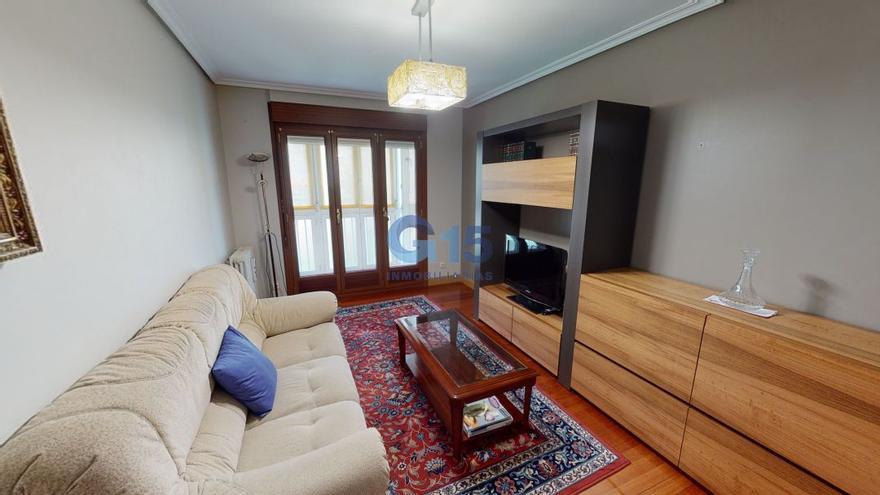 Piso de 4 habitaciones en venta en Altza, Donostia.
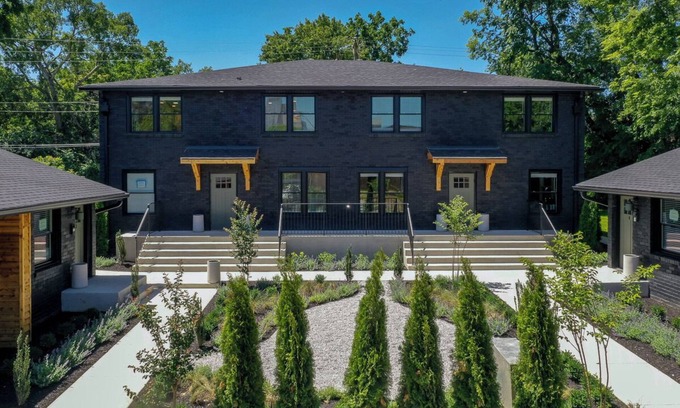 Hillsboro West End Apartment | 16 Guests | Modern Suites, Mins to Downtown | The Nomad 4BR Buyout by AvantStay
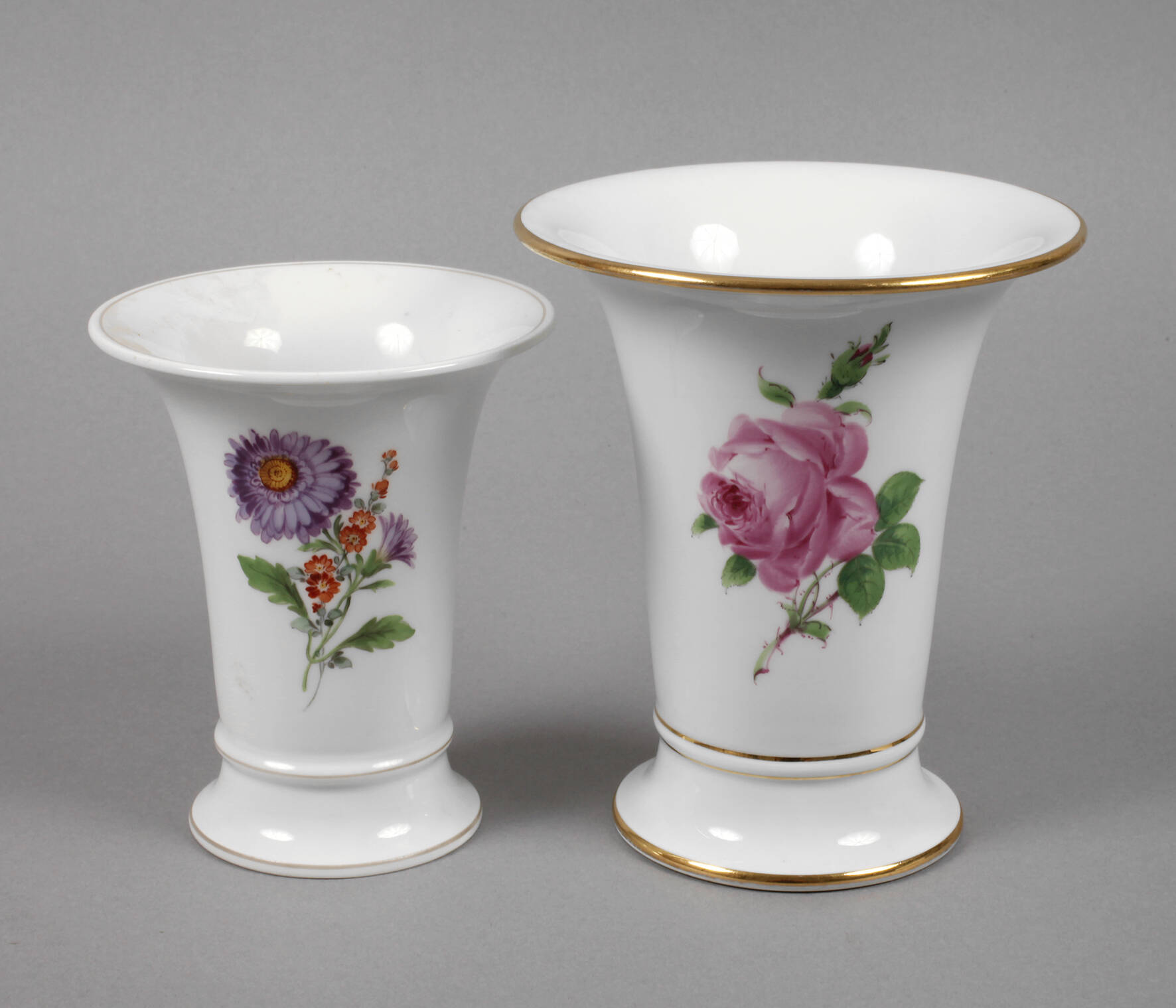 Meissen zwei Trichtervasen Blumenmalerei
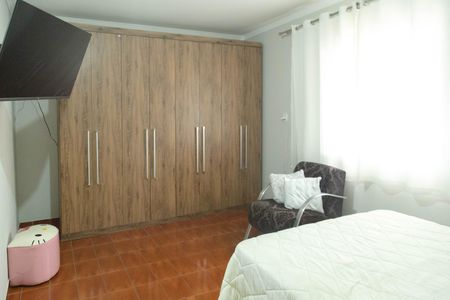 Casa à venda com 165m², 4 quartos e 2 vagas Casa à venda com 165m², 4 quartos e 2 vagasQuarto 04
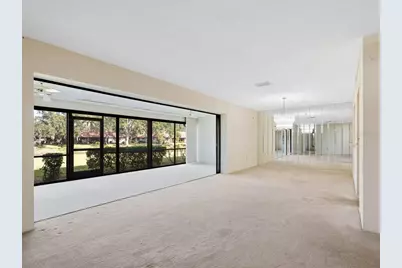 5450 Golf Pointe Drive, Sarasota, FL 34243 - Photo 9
■ ■ ■ ■ ■ ■ ■
ABOUT THIS TASK
Give the entries again exactly. Pictures stay out.

FINAL ANSWER
 Piso de 4 habitaciones en venta en Altza, Donostia.
 Hillsboro West End Apartment | 16 Guests | Modern Suites, Mins to Downtown | The Nomad 4BR Buyout by AvantStay
 Meissen zwei Trichtervasen Blumenmalerei
 Casa à venda com 165m², 4 quartos e 2 vagas Casa à venda com 165m², 4 quartos e 2 vagasQuarto 04
 5450 Golf Pointe Drive, Sarasota, FL 34243 - Photo 9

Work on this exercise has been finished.